LONG WEEKEND is an Australian horror / thriller in the eco, or 'revenge of nature', subgenre.  It was written and directed by Jamie Blanks, who also composed the music.  It is basically a two-hander, and the stars are Jim Caviezel, probably best known for Terrence Malick's ode to nature THE THIN RED LINE (1998) and Mad Mel Gibson's THE PASSION OF THE CHRIST (2004), and Claudia Karvan whom I know only from the so-so vampire flick DAYBREAKERS (2009).  This is actually a remake of Colin Eggleston's 1978 original and, in my view, is inferior.  In case you're not familiar with it, the film is about a unhappily married couple who go to an isolated stretch of beach for a long weekend.  While there, they find that nature will eventually fight back if it abused enough.


I dont' know whether cinema audiences have got less sophisticated over the last 30 years or whether film-makers have just assumed they have.  I do know that the average age of the contemporary cinema-goer has dropped quite sharply so maybe film-makers have made the assumption that younger audiences are less sophisticated or perhaps less demanding.  Either way, the problem with this film is that it feels obliged to spell everything out, every step of the way, as if the audience is too thick to be trusted with mere hints or clues.  In my review of THE DEAD OUTSIDE, I complained that the film was confusing rather than ambiguous.  I'm afraid that in this review I'm going to complain that the film is obvious rather than ambiguous.


I will concede that it has been a few years since I saw the original so I stand to be corrected on any of the points I'm about to make but I recall it being unsettling as opposed to graphic, and troubling as opposed to horrific.  In the new version, the unhappily married couple are depicted as being two unpleasant people from the outset, so much so that I felt little sympathy for them when things turn nasty.  I don't recall that about the original; they are unhappy in their relationship, sure, but nowhere near as spiteful and vicious as these two.

There's still something in the water, 30 years on.
Perhaps more importantly, the couple's attitude to nature is made more explicit in the remake.  He smashes bottles, she smashed eggs; he treats the beach as a theme park and wildlife as the attractions; she treats it as a hell on earth.  In the original I believed the point to be that the couple's attitude was essentially just thoughtlessness, except that there was a heavy price to be paid both by nature and ultimately the couple themselves for that thoughtlessness.

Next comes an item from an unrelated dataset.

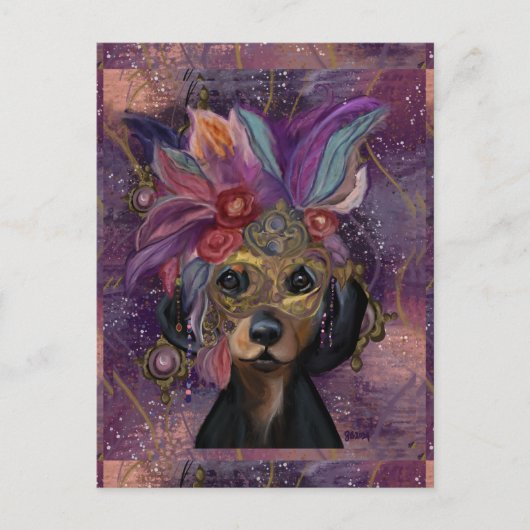 MASQUERADE DACKEL ART POSTKARTE (Vorderseite)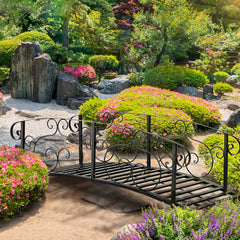 6' Metal Arch Backyard Garden Bridge, Safety Siderails, Arc Footbridge for Backyard Creek, Stream, Pond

Similarly, the glaringly obvious nature of the remake is rendered clear by having Peter discover dead bodies among the wreckage of the other campers' site; indeed he gets trapped with a corpse in a submerged VW camper van.  I think that sequence also gives you a clue as to the film's intention; unlike Eggleston's film the remake is a pretty straightforward, out-and-out horror movie.  But for me the one thing that typified the film's brutal attention-grabbing sensibility was the sequence where the couple pull in at a bar to buy some liquor.  There is a massive neon sign outside the bar which reads "EGGLESTON MOTEL".  That sort of deliberate and obtrusive in-joke is either going to pass over the heads of the casual movie fan, and is therefore unnecessary, or is going to stand out like a sore thumb to the movie buff, who knows and probably likes the original. This kind of thing really annoys me; probably the worst exponent of it is Tarantino. A more fitting tribute to the late Colin Eggleston, who died in 2002, would have been to leave his film to stand alone.